TASK TO CARRY OUT:
Write out exactly the lines of the entries below from the one holding "Shakira Store Merch Lmynl World Tour Grid Shirt Black 2" to the one holding "Туфли женские натуральная", inclusive, and leave out all other lines.

Items from a data source
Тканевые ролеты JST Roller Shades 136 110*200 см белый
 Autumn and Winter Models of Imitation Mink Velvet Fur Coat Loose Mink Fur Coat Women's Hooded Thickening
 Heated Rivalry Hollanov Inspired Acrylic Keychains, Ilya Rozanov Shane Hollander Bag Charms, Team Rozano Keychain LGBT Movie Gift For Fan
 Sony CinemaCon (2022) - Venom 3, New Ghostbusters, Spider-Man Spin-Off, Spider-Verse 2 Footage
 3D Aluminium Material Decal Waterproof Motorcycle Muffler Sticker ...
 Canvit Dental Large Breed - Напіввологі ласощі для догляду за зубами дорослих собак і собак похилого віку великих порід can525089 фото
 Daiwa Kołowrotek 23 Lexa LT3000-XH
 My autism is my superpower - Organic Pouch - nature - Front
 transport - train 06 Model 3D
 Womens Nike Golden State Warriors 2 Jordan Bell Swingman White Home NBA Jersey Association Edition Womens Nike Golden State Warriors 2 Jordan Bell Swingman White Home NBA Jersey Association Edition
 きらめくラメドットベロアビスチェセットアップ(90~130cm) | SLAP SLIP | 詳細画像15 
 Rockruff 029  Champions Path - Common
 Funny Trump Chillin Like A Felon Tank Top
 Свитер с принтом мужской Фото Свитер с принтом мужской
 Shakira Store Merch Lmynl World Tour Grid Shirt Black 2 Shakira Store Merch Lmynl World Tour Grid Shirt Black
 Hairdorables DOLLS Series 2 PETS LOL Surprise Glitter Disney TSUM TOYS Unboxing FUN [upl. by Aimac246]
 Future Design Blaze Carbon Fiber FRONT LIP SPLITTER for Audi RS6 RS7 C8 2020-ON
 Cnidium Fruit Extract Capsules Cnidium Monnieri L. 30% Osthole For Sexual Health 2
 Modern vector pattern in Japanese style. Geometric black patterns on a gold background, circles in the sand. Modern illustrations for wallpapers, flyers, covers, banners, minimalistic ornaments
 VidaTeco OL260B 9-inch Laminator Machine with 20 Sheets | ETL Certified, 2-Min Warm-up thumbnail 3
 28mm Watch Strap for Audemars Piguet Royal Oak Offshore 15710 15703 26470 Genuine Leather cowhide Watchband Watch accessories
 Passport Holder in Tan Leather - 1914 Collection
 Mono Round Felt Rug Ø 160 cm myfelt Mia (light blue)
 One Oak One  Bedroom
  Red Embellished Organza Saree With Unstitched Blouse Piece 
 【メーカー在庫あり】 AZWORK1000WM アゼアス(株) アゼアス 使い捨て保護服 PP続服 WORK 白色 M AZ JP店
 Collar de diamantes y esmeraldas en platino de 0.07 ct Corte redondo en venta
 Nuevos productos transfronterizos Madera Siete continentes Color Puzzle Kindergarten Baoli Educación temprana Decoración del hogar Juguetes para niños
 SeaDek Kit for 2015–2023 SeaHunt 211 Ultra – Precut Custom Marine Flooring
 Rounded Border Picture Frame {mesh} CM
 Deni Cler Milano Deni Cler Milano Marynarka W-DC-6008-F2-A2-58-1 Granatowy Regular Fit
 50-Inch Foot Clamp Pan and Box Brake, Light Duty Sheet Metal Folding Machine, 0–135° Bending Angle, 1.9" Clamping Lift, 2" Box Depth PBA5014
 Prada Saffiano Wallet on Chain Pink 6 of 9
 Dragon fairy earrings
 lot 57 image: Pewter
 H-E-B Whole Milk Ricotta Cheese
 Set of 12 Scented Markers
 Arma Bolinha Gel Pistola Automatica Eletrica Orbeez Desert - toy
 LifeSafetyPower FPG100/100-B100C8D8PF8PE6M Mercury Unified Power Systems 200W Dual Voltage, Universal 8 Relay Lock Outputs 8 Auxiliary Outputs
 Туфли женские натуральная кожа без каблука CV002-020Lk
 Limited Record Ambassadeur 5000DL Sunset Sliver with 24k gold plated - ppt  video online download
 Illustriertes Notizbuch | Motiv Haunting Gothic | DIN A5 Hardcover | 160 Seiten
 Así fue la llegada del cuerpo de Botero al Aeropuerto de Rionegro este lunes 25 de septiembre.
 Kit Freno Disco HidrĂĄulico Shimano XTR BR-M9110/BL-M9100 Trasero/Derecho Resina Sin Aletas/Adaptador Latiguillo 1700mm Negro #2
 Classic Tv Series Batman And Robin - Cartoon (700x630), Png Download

ANSWER SECTION:
 Shakira Store Merch Lmynl World Tour Grid Shirt Black 2 Shakira Store Merch Lmynl World Tour Grid Shirt Black
 Hairdorables DOLLS Series 2 PETS LOL Surprise Glitter Disney TSUM TOYS Unboxing FUN [upl. by Aimac246]
 Future Design Blaze Carbon Fiber FRONT LIP SPLITTER for Audi RS6 RS7 C8 2020-ON
 Cnidium Fruit Extract Capsules Cnidium Monnieri L. 30% Osthole For Sexual Health 2
 Modern vector pattern in Japanese style. Geometric black patterns on a gold background, circles in the sand. Modern illustrations for wallpapers, flyers, covers, banners, minimalistic ornaments
 VidaTeco OL260B 9-inch Laminator Machine with 20 Sheets | ETL Certified, 2-Min Warm-up thumbnail 3
 28mm Watch Strap for Audemars Piguet Royal Oak Offshore 15710 15703 26470 Genuine Leather cowhide Watchband Watch accessories
 Passport Holder in Tan Leather - 1914 Collection
 Mono Round Felt Rug Ø 160 cm myfelt Mia (light blue)
 One Oak One  Bedroom
  Red Embellished Organza Saree With Unstitched Blouse Piece 
 【メーカー在庫あり】 AZWORK1000WM アゼアス(株) アゼアス 使い捨て保護服 PP続服 WORK 白色 M AZ JP店
 Collar de diamantes y esmeraldas en platino de 0.07 ct Corte redondo en venta
 Nuevos productos transfronterizos Madera Siete continentes Color Puzzle Kindergarten Baoli Educación temprana Decoración del hogar Juguetes para niños
 SeaDek Kit for 2015–2023 SeaHunt 211 Ultra – Precut Custom Marine Flooring
 Rounded Border Picture Frame {mesh} CM
 Deni Cler Milano Deni Cler Milano Marynarka W-DC-6008-F2-A2-58-1 Granatowy Regular Fit
 50-Inch Foot Clamp Pan and Box Brake, Light Duty Sheet Metal Folding Machine, 0–135° Bending Angle, 1.9" Clamping Lift, 2" Box Depth PBA5014
 Prada Saffiano Wallet on Chain Pink 6 of 9
 Dragon fairy earrings
 lot 57 image: Pewter
 H-E-B Whole Milk Ricotta Cheese
 Set of 12 Scented Markers
 Arma Bolinha Gel Pistola Automatica Eletrica Orbeez Desert - toy
 LifeSafetyPower FPG100/100-B100C8D8PF8PE6M Mercury Unified Power Systems 200W Dual Voltage, Universal 8 Relay Lock Outputs 8 Auxiliary Outputs
 Туфли женские натуральная кожа без каблука CV002-020Lk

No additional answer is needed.